==== Supplied data ====
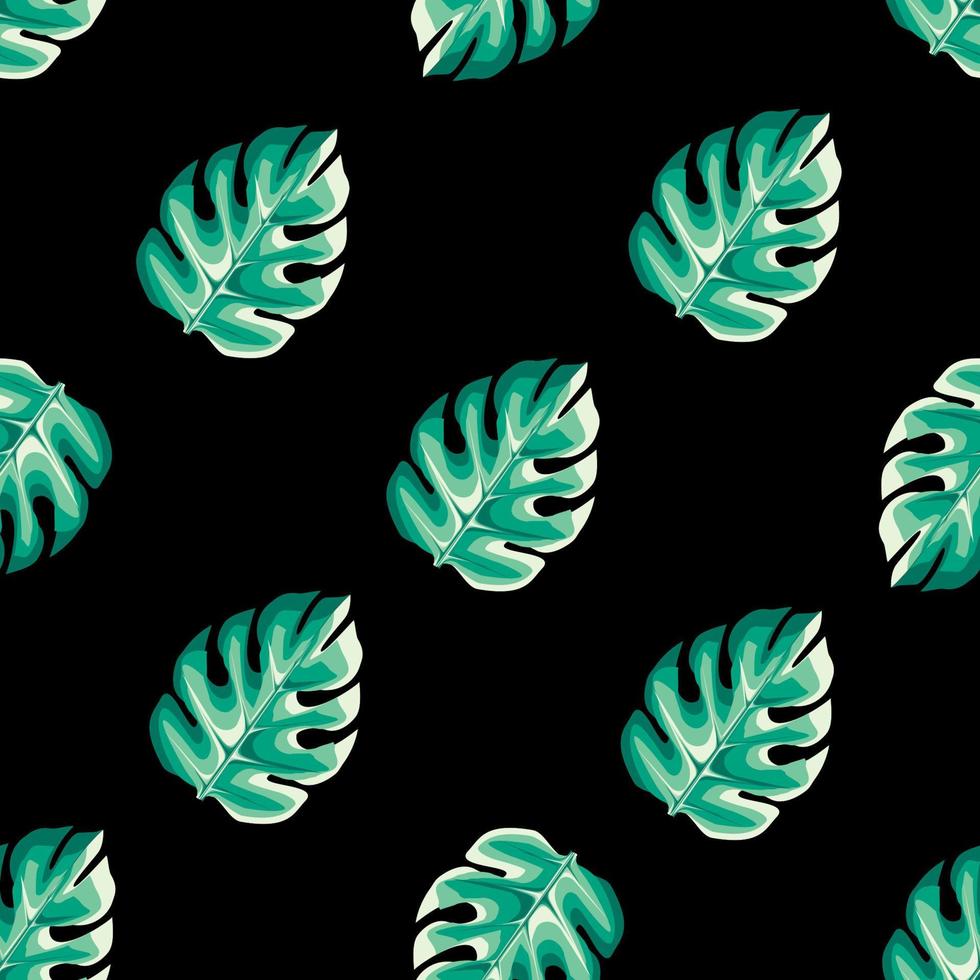 monstera plants leaves seamless pattern with green monochromatic color style. vector design. nature background. tropical wallpaper decorative. Exotic tropics. Summer design. fashion print texture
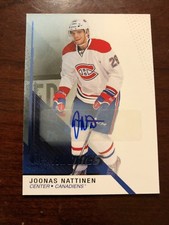 14/15 SP GU Rookie Blue Auto Joonas Nattinen Hockey Card #158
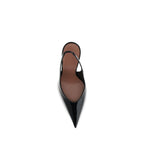 Amina Muaddi Black Leather Pumps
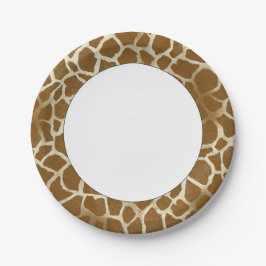 キリンのプリントの白い中心の紙皿 ペーパープレート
====
**Task directions**: Every line above should be duplicated exactly; the pictures are to be left out.

**Answer to this task**:
 monstera plants leaves seamless pattern with green monochromatic color style. vector design. nature background. tropical wallpaper decorative. Exotic tropics. Summer design. fashion print texture
 14/15 SP GU Rookie Blue Auto Joonas Nattinen Hockey Card #158
 Amina Muaddi Black Leather Pumps
 キリンのプリントの白い中心の紙皿 ペーパープレート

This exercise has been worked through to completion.